Judge Jackson began the conference with a statement that Judge Richard Levie has been appointed as the special master for both trials and asked if either side had any objections. They had none, and she reviewed her proposed schedule and commented sharply that Anthem’s demands for a speedy trial were inconsistent with its slowness to provide information about the mergers. The trial will proceed on a short twelve-week schedule, which may lead to less opportunity for depositions. Anthem’s counsel then indicated they would challenge many if not all of the product market definitions in DOJ’s complaint, and said that their overall defense was that consumers would have many competitive alternatives in the health insurance markets, even post merger, no matter how the markets were defined.
DOJ representatives countered that if this merger was anticompetitive in just a few markets, that was reason enough to block the entire deal. Judge Jackson asked if there were any parts of the case that could set aside; DOJ replied that all of the different areas were closely linked. They are willing to look at any proposed remedies, but such remedies would have to be evaluated to determine whether they will solve the merger’s competitive problems. Anthem is also interested in possible remedies but worried that any such negotiations would delay the trial.
Jackson returned to the issue of timing, telling Anthem that “DOJ has a point that your deadline imposes demands on the trial discovery schedule.” Anthem acknowledged this but said their shareholders had approved the transaction, the merger had to occur by April 30th, 2017, and that require approvals from over a dozen state Insurance Commissioners.
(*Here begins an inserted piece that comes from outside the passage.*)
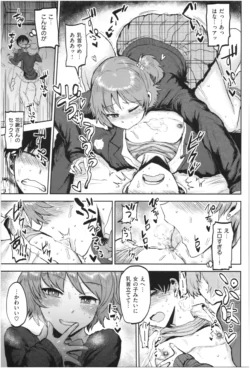 Page 168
Currently Colorado, Connecticut, Georgia, and New Hampshire have suspended their reviews of the merger until the case is complete, so it is imperative that the trial begin as soon as possible. Jackson told them bluntly that it was not possible to have a ruling by the end of 2016 and that she wanted a month to make a full and fair decision.
Near the end of the conference, Jackson remarked that “it is a bizarre situation that we are doing all this for the benefit of a merger that may not be desired.” Cigna’s representatives then approached the bench and asked to correct the record. They said Cigna was committed to litigating this case and to the transaction, although they could not say what would happen on April 30th and whether Cigna would decide to extend the deadline. Anthem implied that they would not. Jackson pointed out that all the documents submitted to the court say the April 30th deadline has no wiggle room, and any information on that would be very helpful. Cigna responded with a waffling statement that the merger agreement speaks for itself and they cannot speculate as to what Cigna’s Board of Directors will decide. Jackson then responded that made things less clear.
During the conference Judge Jackson repeatedly became annoyed with Anthem and Cigna and their often vague and unhelpful answers. She concluded that she would soon issue a scheduling order and that the trial would begin in late November. This is a significant setback for Anthem, and we will be closely monitoring the proceedings.